REQUIREMENT → Please write out every entry below exactly, leaving out any pictures.

Short text fragments from websites →
+++++

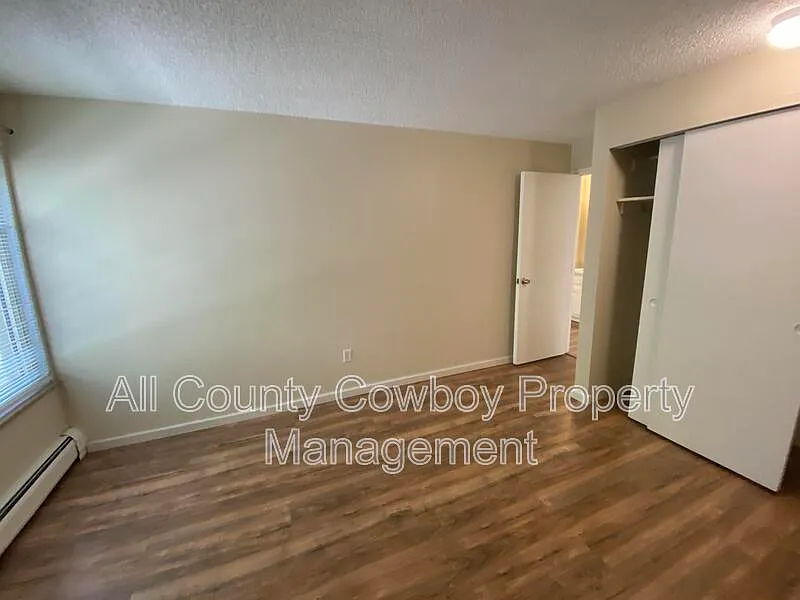 2 bed, 1.0 bath, $1,200 — Photo 4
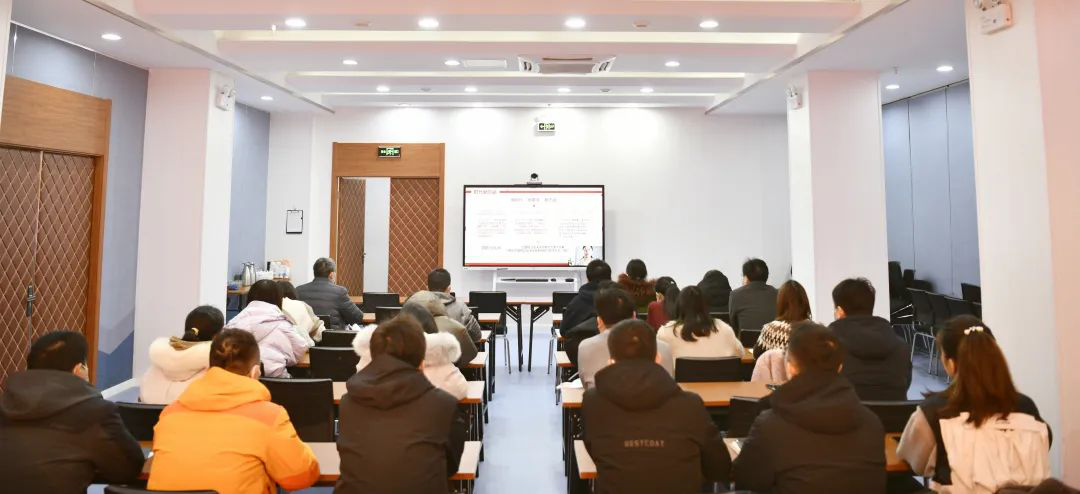 加強(qiáng)學(xué)習(xí) 提質(zhì)增效 江蘇遠(yuǎn)洋舉辦深化國(guó)有企業(yè)三項(xiàng)制度改革干部培訓(xùn)班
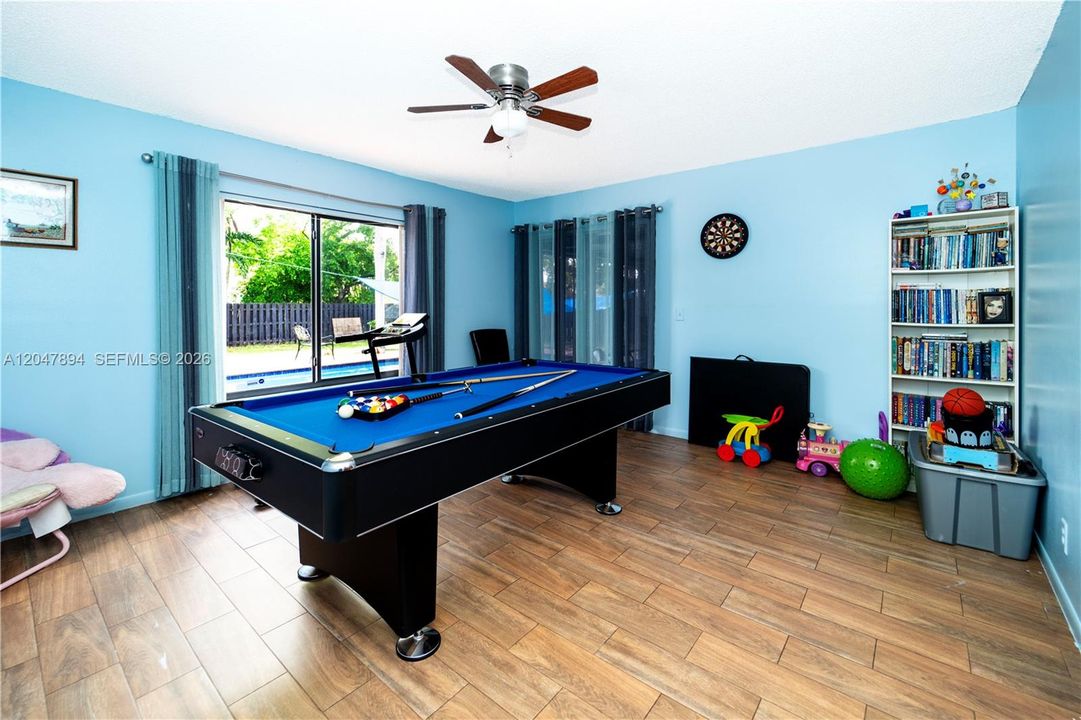 En Venta: $589,000 (3 camas, 2 baños, 1424 Pies cuadrados)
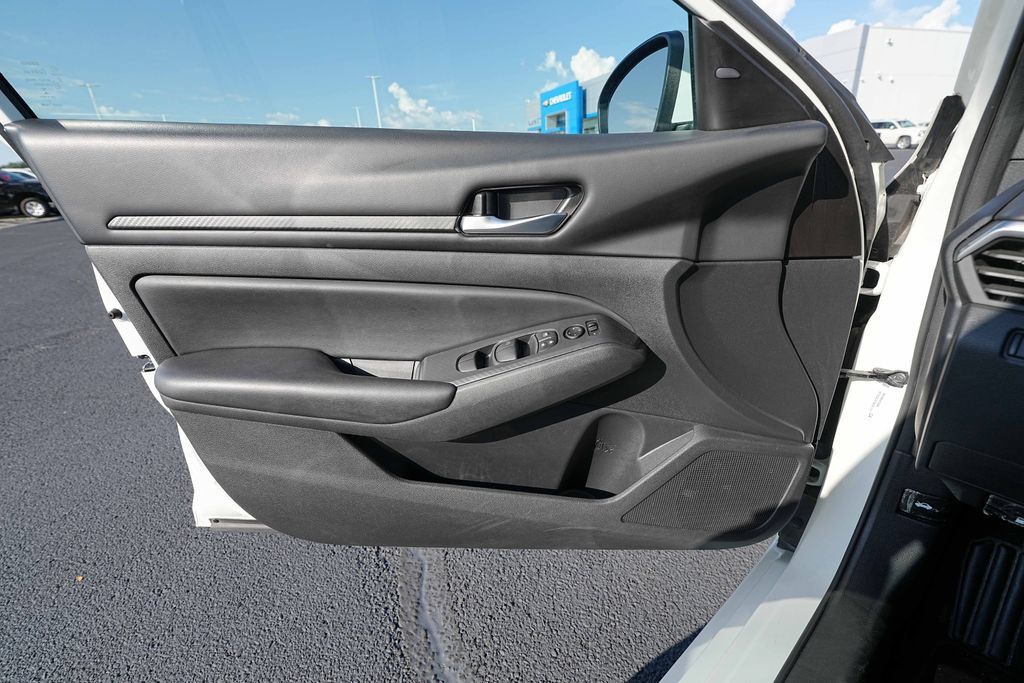 Used 2021 Nissan Altima 2.5 S w/ Driver Assist Package FWD image 24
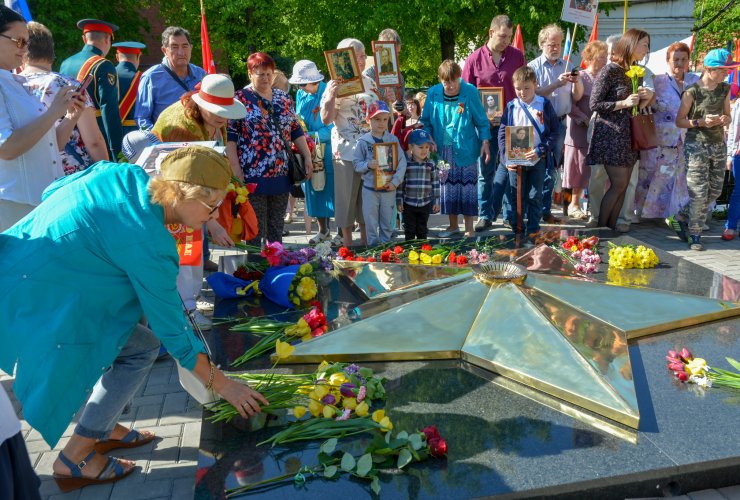 В Гусеве зажгли Вечный огонь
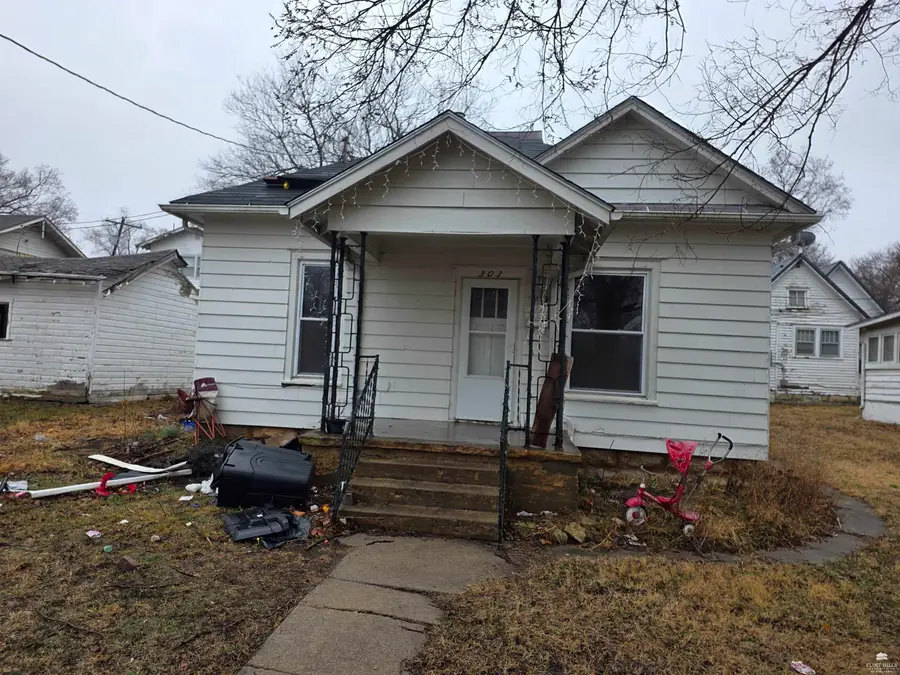303 E Main, Herington, KS 67449 - #2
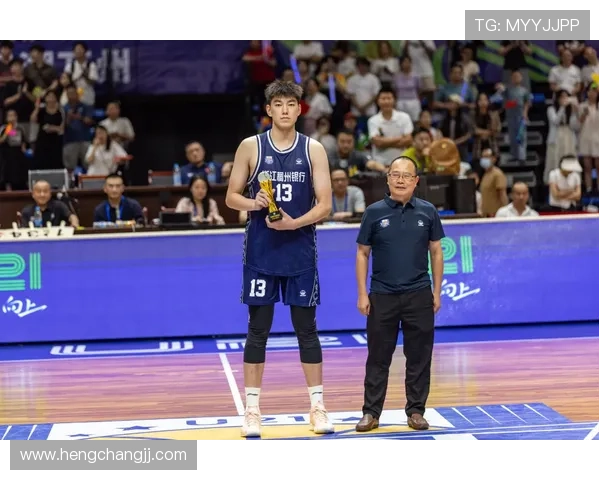 全球体育赛事新动态 中国队勇夺国际篮球锦标赛冠军 未来备战奥运全力以赴 全球体育赛事新动态 中国队勇夺国际篮球锦标赛冠军 未来备战奥运全力以赴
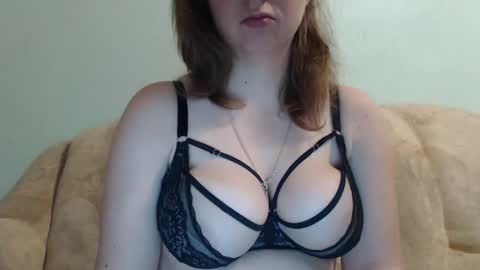 Snapshot of samiliya chatting on February 9, 7:19 pm samiliya online show from February 9, 7:19 pm
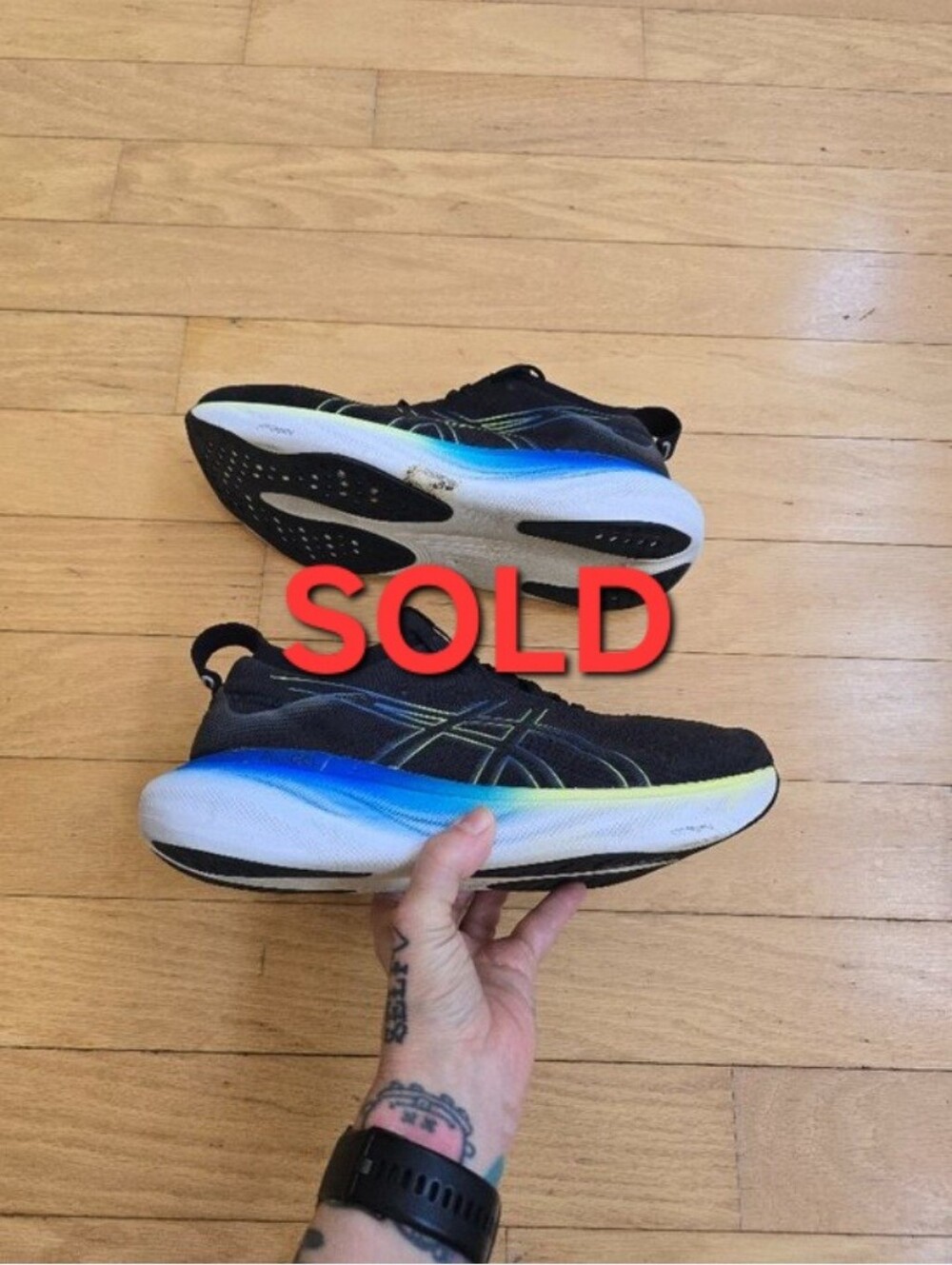Asics | Gel-Nimbus 25 'Black Glow' sporty running sneakers | MENS 9.5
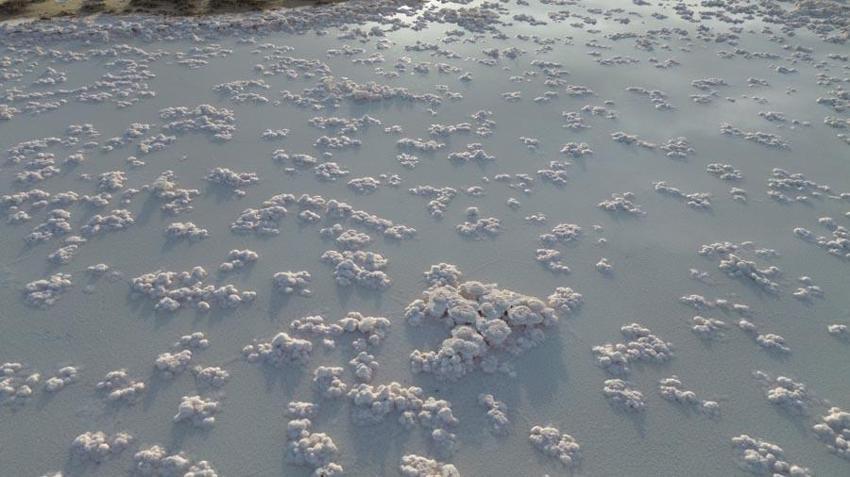 Konya'nın 'Pamukkale'si ziyaretçi akınına uğruyor! Sular çekildi eşsiz görüntüler ortaya çıktı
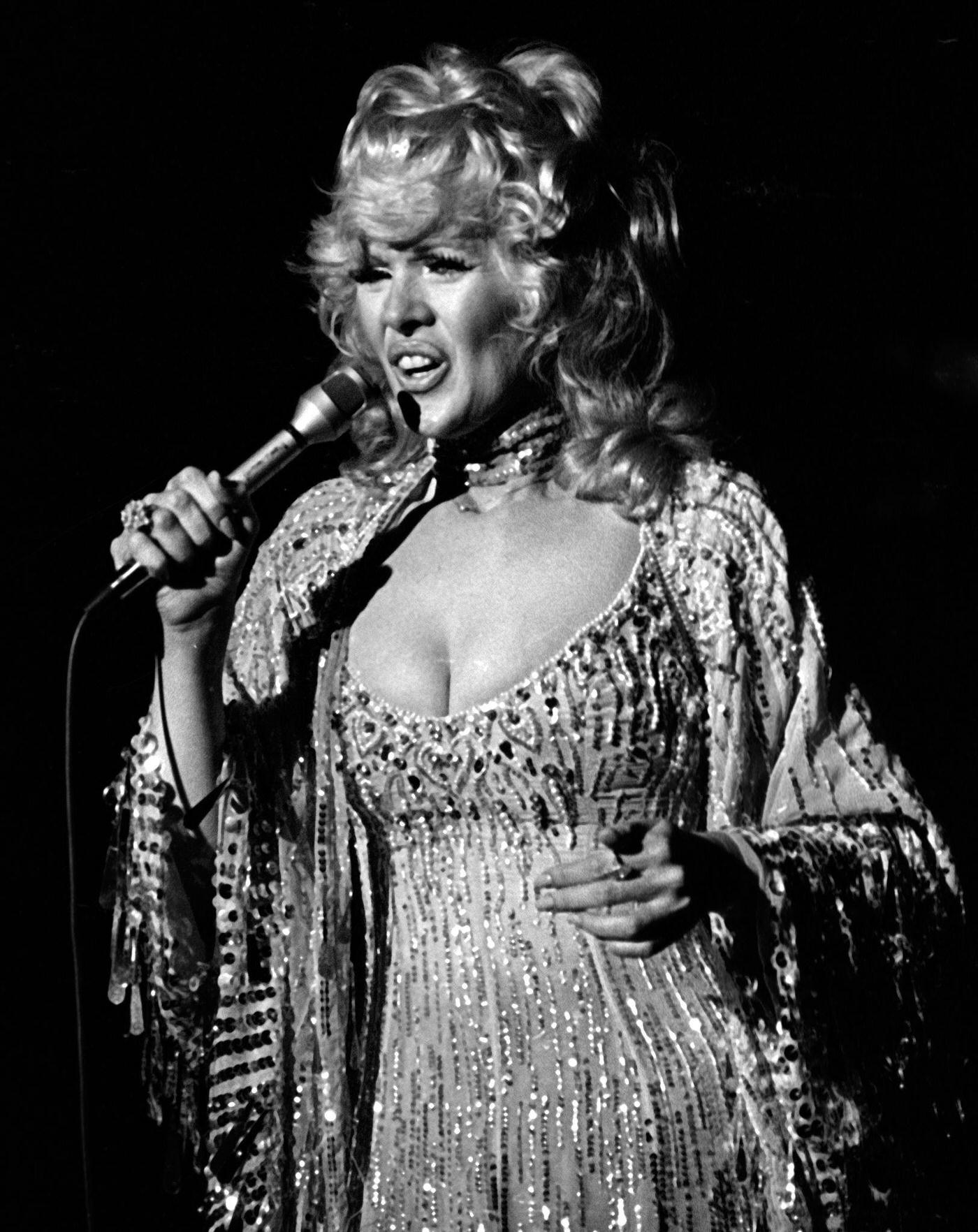 Connie Stevens At Prisoners Of War Benefit Dinner Gala, 1973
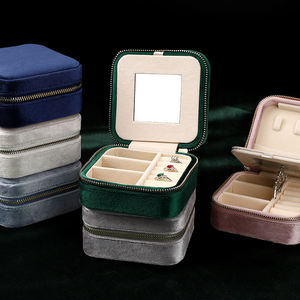 卸売高級ジュエリー包装ケース最高品質ベルベットジュエリーボックスカスタムロゴトラベルジュエリーボックスオーガナイザーミラー付き - Product Image 4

+++++

EXPECTED ANSWER →
 2 bed, 1.0 bath, $1,200 — Photo 4
 加強(qiáng)學(xué)習(xí) 提質(zhì)增效 江蘇遠(yuǎn)洋舉辦深化國(guó)有企業(yè)三項(xiàng)制度改革干部培訓(xùn)班
 En Venta: $589,000 (3 camas, 2 baños, 1424 Pies cuadrados)
 Used 2021 Nissan Altima 2.5 S w/ Driver Assist Package FWD image 24
 В Гусеве зажгли Вечный огонь
303 E Main, Herington, KS 67449 - #2
 全球体育赛事新动态 中国队勇夺国际篮球锦标赛冠军 未来备战奥运全力以赴 全球体育赛事新动态 中国队勇夺国际篮球锦标赛冠军 未来备战奥运全力以赴
 Snapshot of samiliya chatting on February 9, 7:19 pm samiliya online show from February 9, 7:19 pm
Asics | Gel-Nimbus 25 'Black Glow' sporty running sneakers | MENS 9.5
 Konya'nın 'Pamukkale'si ziyaretçi akınına uğruyor! Sular çekildi eşsiz görüntüler ortaya çıktı
 Connie Stevens At Prisoners Of War Benefit Dinner Gala, 1973
 卸売高級ジュエリー包装ケース最高品質ベルベットジュエリーボックスカスタムロゴトラベルジュエリーボックスオーガナイザーミラー付き - Product Image 4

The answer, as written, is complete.